Now I understand your question. Yes, I believe that’s correct.

ETA: This is not legal advice, just friendly discussion board chatter.

In fact I do not think any state requires that, except CA which does require ex post facto registration of 'assault weapons". I am pretty sure SCOTUS would strike such a law down.

The District court just struck down CA s law requiring background checks, etc for ammo purchases. Also CAs ban on 10+ round magazines was struck down… but there is a stay on that waiting for a Higher court to rule.

@Falchion I glossed over this part of your post earlier in my disagreement with your preceding sentence. In retrospect, I should have also noted agreement with this point. Indeed, I think the Hawaii Supreme Court dedicated a significant part of its opinion to distinguishing the Hawaii State Constitution’s equivalent language from the Second Amendment on the basis that (despite using the same verbiage), Hawaii’s history and traditions compel a different interpretation than that of the current SCOTUS.

In short, framers of the Hawaii State Constitution in the 1950’s did not not necessarily have in mind the same meaning as that of the current conservative SCOTUS majority the framers of the U.S. Constitution.

Yes, but that doesnt stand under a federal Court- SCOTUS- decision.

Article VI

This Constitution, and the laws of the United States which shall be made in pursuance thereof; and all treaties made, or which shall be made, under the authority of the United States, shall be the supreme law of the land; and the judges in every state shall be bound thereby, anything in the Constitution or laws of any State to the contrary notwithstanding.

Of course it does.

Federal court interpretations of federal constitutional provisions don’t bind state court interpretations of state constitutional provisions.

The Hawaii court didn’t (as the thread falsely suggests) purport to reject the federal constitution. It interpreted a state law provision using an approach that is, apparently, acceptable in that state.

The Supremacy Clause is immaterial to a state supreme court’s interpretation of its own state’s constitution. This is basic legal analysis. Moreover, I encourage you to reread my first post to this thread and, even better, the Hawaii Supreme Court’s decision, which cites federal case law in its application of the Second Amendment of the U.S. Constitution to the facts of the case. Perhaps then you’ll understand that the Court’s holding is entirely consistent with federal constitutional jurisprudence.

ETA:

Ninja’d by @Falchion

When/if he appeals to the US Supreme court, then we will see. SCOTUS has struck down several gun controls laws that the state thought was perfectly legal.

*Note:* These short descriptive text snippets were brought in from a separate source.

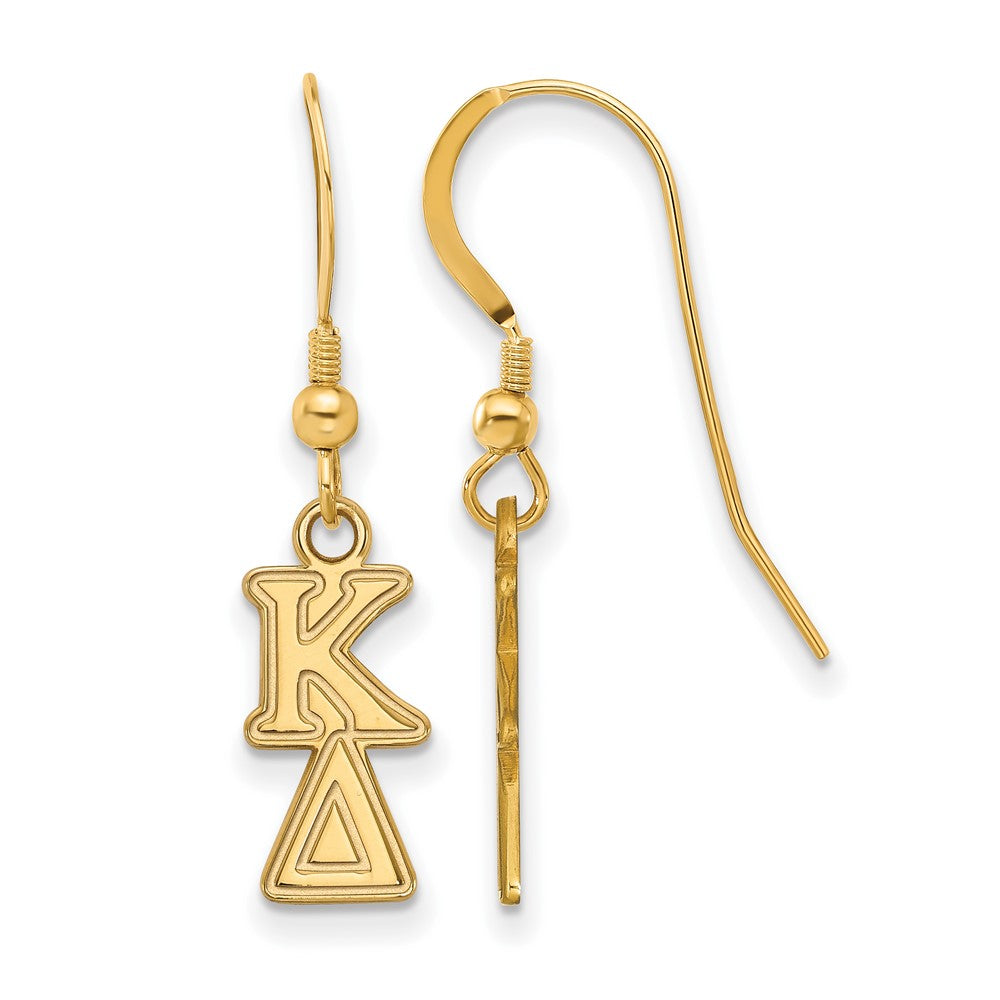 Vergoldet Sterlingsilber Logoart Kappa Delta Extra Sorority Greek Buchstaben Klein Hängend Draht Ohrringe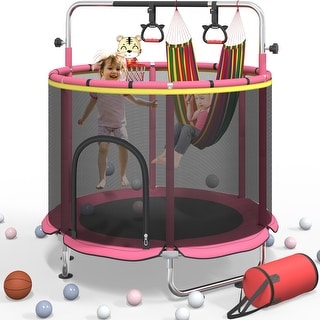 Kids Trampoline, Adjustable Toddler Trampoline with Safety Enclosure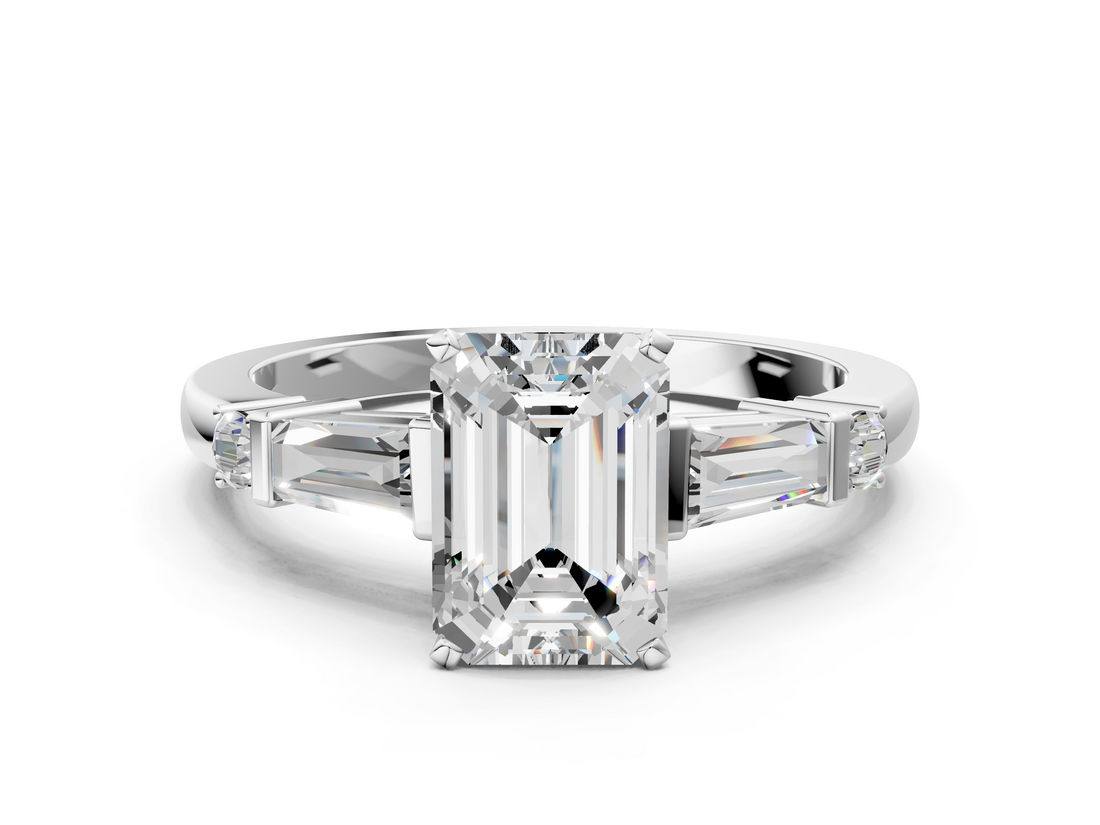 White gold Emerald Cut Diamond Ring with Baguette Side Stones, Channel Set Band, and Four-Prong Setting_34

Because it said they violated the federal constitution.

The federal government cannot tell a state it is misinterpreting its own constitution. That’s not its jurisdiction.

Now, if Hawaii passed a law that violates the federal interpretation of the 2nd amendment but does not violate the Hawaiian interpretation of the equivalent gun right clause, what happens?

The law might be challenged in state court and interpreted not to violate the state’s equivalent to the 2nd amendment language.

Then it might be challenged in federal court and struck down for violating federal law.

This would not be a case of the federal government overturning the state court’s ruling. It would be the federal government making a totally separate ruling on a totally separate case based on totally different constitutional text that happens to share language with the state’s constitution but comes from a different source, that being the federal constitution.

The feds are ruling about the 2nd amendment to the US constitution while the Hawaiians are ruling based on Article I section 17 of Hawaii’s constitution. Two different texts that happen to share language.